Gutenberg veio e possibilitou a impressão dos conteúdos no papel, de forma mecânica, aumentando exponencialmente o alcance do que antes só poderia ser escrito à mão.
Depois veio a invenção da prensa, que exerceu um papel decisivo na expansão do alcance dos periódicos.
Dando saltos maiores no tempo, vieram o rádio, a TV e, por último, a internet. E o jornalismo teve que se adaptar a cada um desses acontecimentos. Ou seja, cada nova tecnologia trouxe junto a adaptação e a expansão do alcance da produção de notícias.
Acontece que a internet representa a maior revolução encarada pelo jornalismo durante toda a sua história. Essa sacudida nas estruturas fez com que os saudosistas se sentissem órfãos dos “tempos de ouro” (o que quer que isso signifique). Mas, como sabiamente observou a pesquisadora da objETHOS, Mariana Nava:
“A verdade é que o mundo mudou e, o quanto antes aceitarmos essa nova realidade, melhor podemos nos adaptar e fazer de agora um novo “período de ouro” dos jornais.”
Para que isso aconteça, Nava salienta que “as lógicas produtivas do jornalismo precisam se adequar à realidade digital”.

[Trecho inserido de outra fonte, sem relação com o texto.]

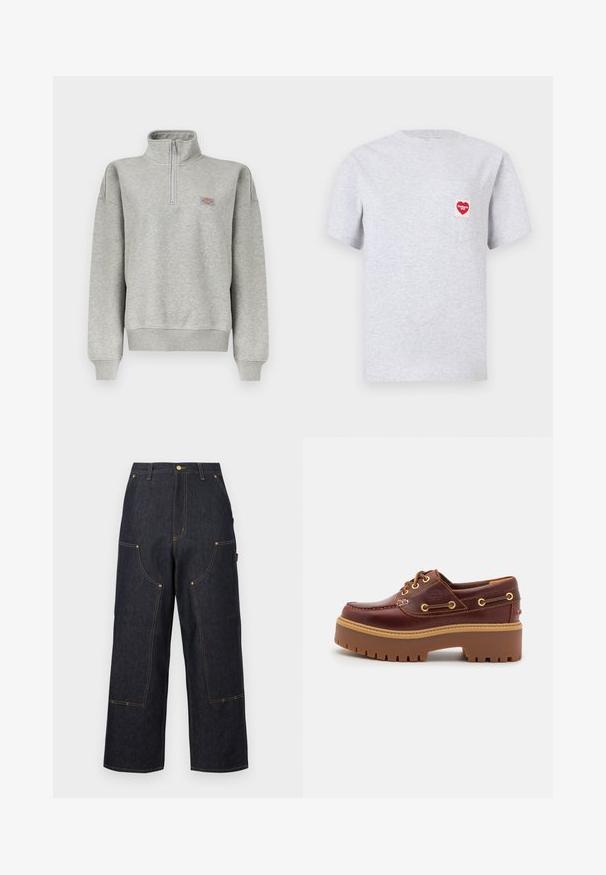 Lichtgrijze quarter-zip sweater met geribde manchetten en zoom, voorzien van een klein meerkleurig logovignet op de linkerborst.; Lichtgrijs T-shirt van katoen, met een ronde hals en korte mouwen. Linkerborstzak met een rood etiket in de vorm van een hart.; Donkerblauwe wijde denim broek met meerdere zakken aan de voorkant, contrasterende oranje stiksels en een knoopsluiting in de taille.; Bruine leren botenschoenen met een stevige bruine rubberen zool, gouden ogen en contraststiksels. Heeft een logo aan de zijkant.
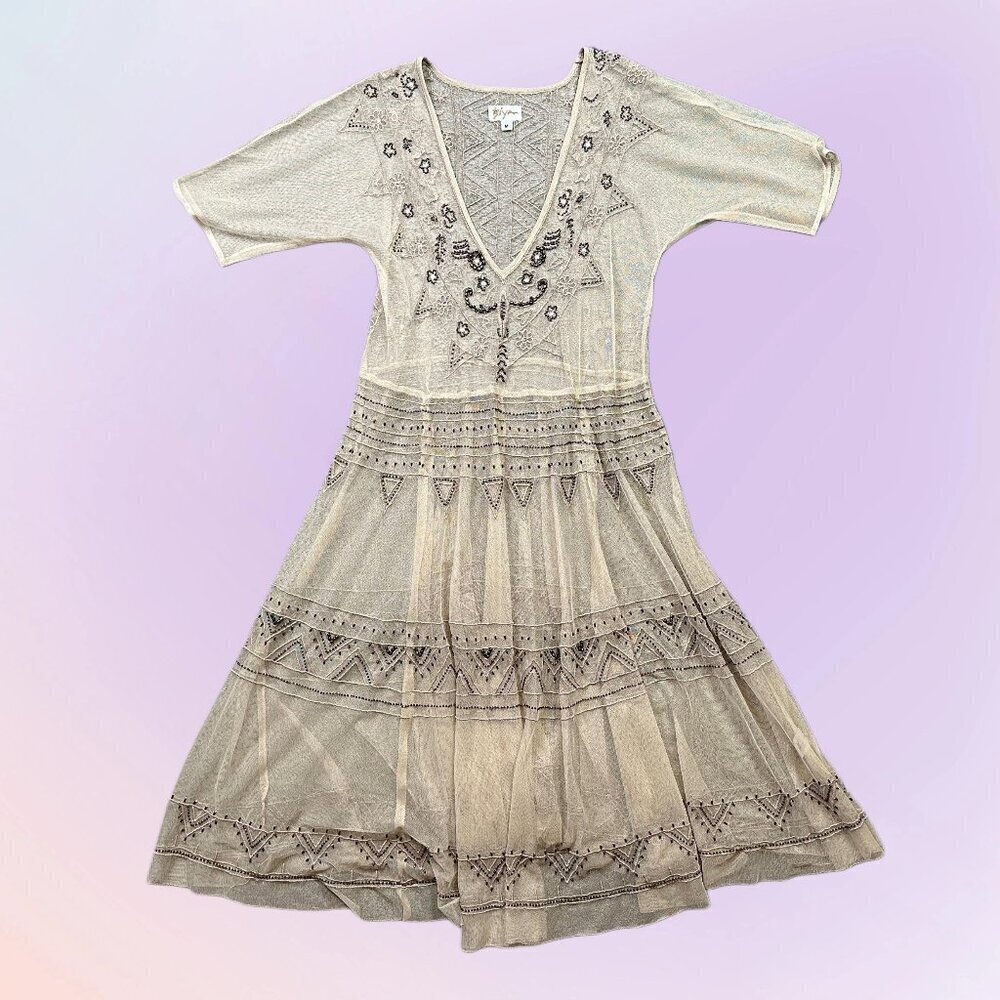 Biya Johnny Was Sheer Nude Netted Beaded Embroidered Fit Flare Bohodress Medium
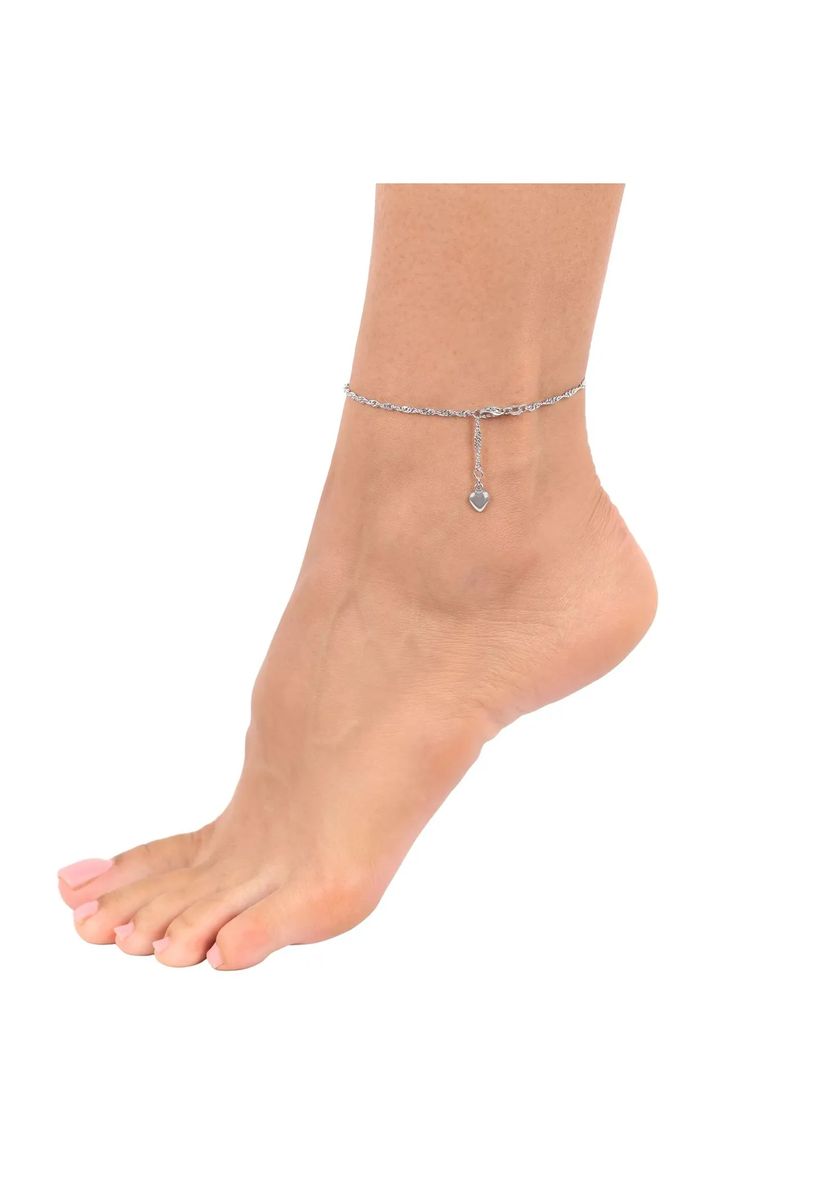 amor Damen Fußkettchen, 925er Silber, silber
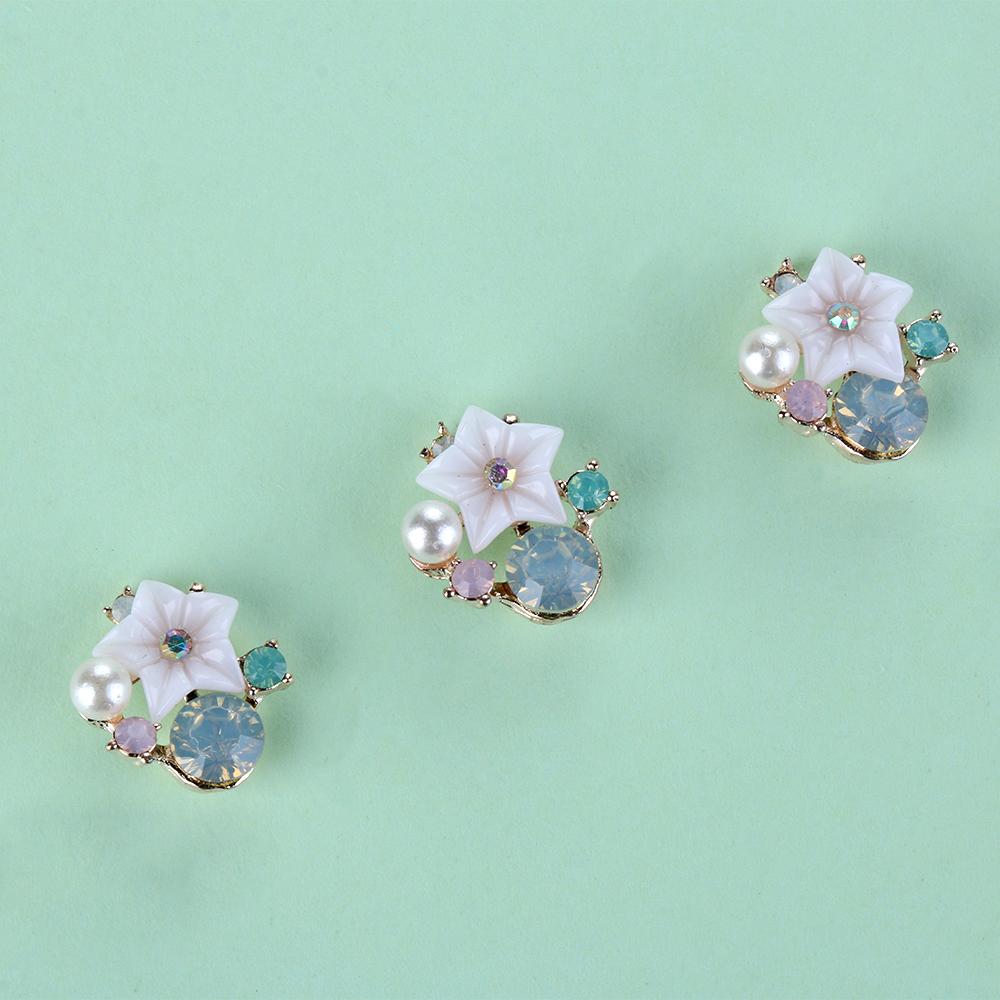 Craft Plating Flatback Pearl Buttons Flower Buckle Apparel Sewing Rhinestone Button
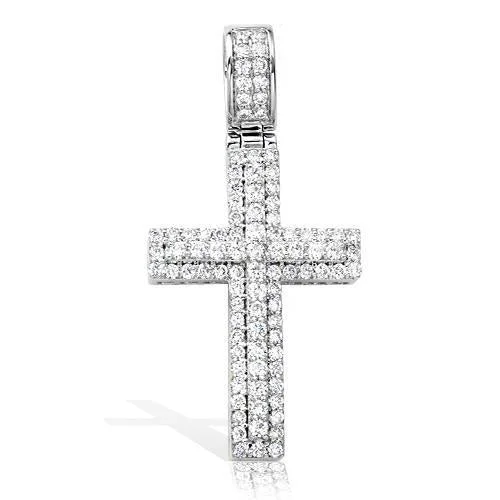 14KW 1.45CTW DIAMOND 3-D CROSS PENDANT - STRAIGHT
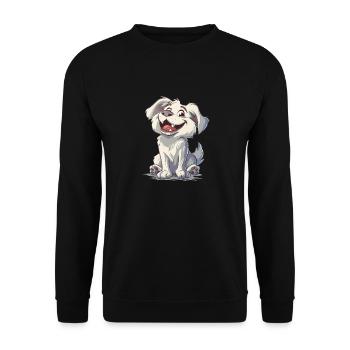 Akbash Geschenk | Cartoon Artwork - Unisex Pullover - Schwarz - Vorne - Alina (178cm) & Michal (187cm)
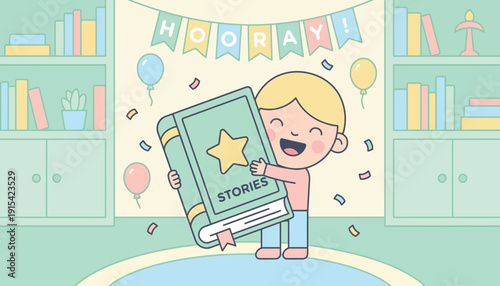 A cartoon boy holding a large book in a library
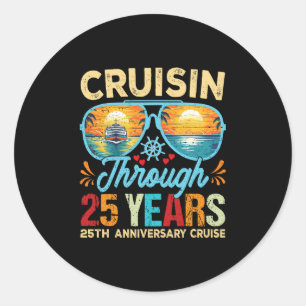 Cruisin Through 25 Years 25th Wedding Anniversary Classic Round Sticker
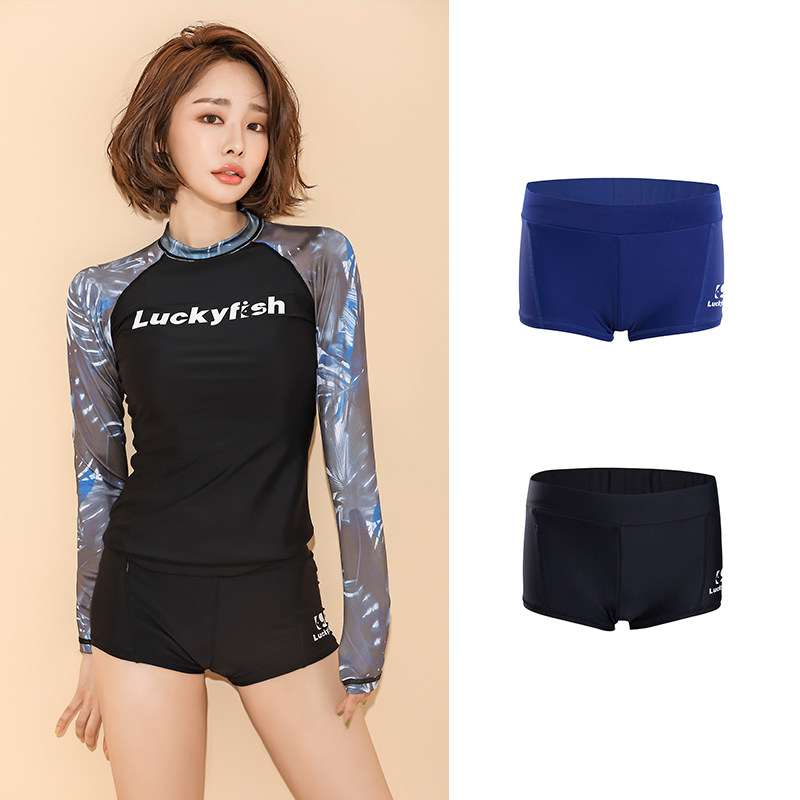 Luckyfish潜水服女四角裤保守防晒泳裤速干紧身冲浪浮潜平角短裤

Não há como fugir disso. A presença da tecnologia acarretou uma expansão gigantesca do alcance das notícias. Mariana Nava aponta alguns resultados dessa transformação:
a produção, a edição e o consumo de informação em tempo real;
o armazenamento quase ilimitado dessas informações;
a quantidade aparentemente infinita de conteúdo;
as mudanças na forma de produção, acarretadas pela quantidade de conteúdos gerados, as quais seguem impactando de forma permanente a vida das pessoas.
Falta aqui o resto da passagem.